Foto: Imágenes Google |
Llevo pocos días trabajando como editor en la agencia de comunicación donde hasta ahora ejercía también de cronista mortuorio, y en este escaso tiempo ya he podido darme cuenta de la enorme distancia que me separa de mis compañeros –un mínimo de diez años más jóvenes que yo– en algunos aspectos. A su lado me siento sobre todo indefenso en cuestiones tecnológicas, como si hubiera regresado a la niñez y mi zurdera fuera reprendida y confinada y me viera nuevamente obligado a escribir con la diestra. Imposible ser creacionista cuando, desbancado por los de la siguiente generación, he podido comprobar cómo la edad me va convirtiendo en un lento quelonio de Las Galápagos y, por extensión, en ejemplo viviente de la darwiniana evolución de la especie. En la palma de mis compañeros, el mouse del ordenador parece una prolongación de su mano, y el monitor, un apéndice de su vista al que no se augura fin en su capacidad de alcance. Tan sólo en algún momento puntual, mientras me pregunto qué hago yo allí con ellos, me asalta la duda de si –según lo sostenido por algunos apologetas de los tiempos pasados–, pese a los muchos campos que abarca, su cultura también ha devenido fragmentaria y acaso carente de reflexión, o si, como intuyo, se trata simplemente de un mal de juventud resoluble.

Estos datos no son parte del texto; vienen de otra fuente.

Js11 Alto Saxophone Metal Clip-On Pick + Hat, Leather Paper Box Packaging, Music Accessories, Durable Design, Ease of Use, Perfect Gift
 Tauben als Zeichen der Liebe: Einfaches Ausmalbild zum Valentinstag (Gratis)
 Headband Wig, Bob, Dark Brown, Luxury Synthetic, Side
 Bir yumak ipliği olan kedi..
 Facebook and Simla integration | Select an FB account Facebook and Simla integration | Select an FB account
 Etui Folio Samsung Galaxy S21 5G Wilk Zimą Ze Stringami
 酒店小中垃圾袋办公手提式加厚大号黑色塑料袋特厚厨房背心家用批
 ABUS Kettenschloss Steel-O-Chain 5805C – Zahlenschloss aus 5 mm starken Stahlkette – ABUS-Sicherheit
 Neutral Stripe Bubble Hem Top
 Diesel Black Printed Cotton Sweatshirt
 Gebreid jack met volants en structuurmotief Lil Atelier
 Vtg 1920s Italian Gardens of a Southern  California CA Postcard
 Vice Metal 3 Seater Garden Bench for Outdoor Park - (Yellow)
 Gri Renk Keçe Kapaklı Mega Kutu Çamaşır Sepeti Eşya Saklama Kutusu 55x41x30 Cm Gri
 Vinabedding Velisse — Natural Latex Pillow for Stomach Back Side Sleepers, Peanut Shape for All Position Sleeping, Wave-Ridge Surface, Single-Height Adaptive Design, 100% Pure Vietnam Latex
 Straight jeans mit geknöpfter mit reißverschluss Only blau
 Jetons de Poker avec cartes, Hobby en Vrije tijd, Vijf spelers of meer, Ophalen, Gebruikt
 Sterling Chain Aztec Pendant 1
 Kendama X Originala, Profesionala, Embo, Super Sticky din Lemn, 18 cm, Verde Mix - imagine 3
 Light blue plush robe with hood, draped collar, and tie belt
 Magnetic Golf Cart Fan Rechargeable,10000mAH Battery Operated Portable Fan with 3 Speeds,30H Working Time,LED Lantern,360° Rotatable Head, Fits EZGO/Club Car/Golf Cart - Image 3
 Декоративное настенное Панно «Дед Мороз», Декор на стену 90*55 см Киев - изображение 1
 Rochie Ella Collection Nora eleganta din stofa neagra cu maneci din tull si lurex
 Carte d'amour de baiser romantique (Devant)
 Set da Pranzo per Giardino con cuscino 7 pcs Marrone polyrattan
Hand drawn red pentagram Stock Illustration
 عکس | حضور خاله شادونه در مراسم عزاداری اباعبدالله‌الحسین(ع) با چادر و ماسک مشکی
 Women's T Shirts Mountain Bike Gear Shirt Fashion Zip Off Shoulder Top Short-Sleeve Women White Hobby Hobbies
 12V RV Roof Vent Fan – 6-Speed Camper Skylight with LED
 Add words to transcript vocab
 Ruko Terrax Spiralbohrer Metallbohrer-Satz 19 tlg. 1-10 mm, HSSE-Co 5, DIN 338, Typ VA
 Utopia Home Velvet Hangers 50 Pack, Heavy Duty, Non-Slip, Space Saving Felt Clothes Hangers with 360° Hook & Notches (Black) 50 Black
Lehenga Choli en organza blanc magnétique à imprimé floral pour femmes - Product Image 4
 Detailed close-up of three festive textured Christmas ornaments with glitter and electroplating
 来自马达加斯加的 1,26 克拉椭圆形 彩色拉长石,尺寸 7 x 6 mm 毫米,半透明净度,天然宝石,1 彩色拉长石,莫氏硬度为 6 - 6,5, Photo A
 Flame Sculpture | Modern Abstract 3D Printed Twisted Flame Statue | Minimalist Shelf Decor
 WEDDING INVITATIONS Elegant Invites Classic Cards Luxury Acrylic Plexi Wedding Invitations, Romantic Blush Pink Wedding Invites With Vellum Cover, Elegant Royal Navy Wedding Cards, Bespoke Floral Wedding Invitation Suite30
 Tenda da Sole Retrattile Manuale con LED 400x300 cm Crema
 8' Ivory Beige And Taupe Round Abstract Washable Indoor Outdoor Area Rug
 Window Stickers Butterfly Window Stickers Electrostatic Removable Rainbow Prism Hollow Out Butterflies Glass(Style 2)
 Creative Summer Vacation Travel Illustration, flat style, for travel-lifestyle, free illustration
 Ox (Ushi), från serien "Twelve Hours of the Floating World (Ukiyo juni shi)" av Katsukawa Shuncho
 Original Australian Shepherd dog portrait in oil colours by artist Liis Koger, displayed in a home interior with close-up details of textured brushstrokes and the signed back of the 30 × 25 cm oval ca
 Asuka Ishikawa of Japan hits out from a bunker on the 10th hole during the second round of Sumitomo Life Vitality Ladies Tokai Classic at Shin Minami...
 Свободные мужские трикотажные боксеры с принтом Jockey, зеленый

Hoy, en cualquier caso, a raíz de una conversación que mantuve el otro día con un padre de la escuela de mis hijos, Pere Llobera (de quien tiempo habrá de hablar largo y tendido), voy a permitirme traer a mis envidiados compañeros de trabajo a este espacio para opinar sobre los juegos por ordenador. «¿Es conveniente alejar a nuestros hijos de las maquinitas?», nos preguntábamos Pere y yo. Él me confesaba su adicción entre los dieciséis y los dieciueve años, y el insano placer que experimentaba yendo a las salas recreativas y dejándose literalmente la piel para que le cundiera la moneda que había invertido en la partida. Yo, en cambio, me callé la época en que, obsesionado con un juego de raras figuras geométricas tridimensionales, veía la vida como un puzzle.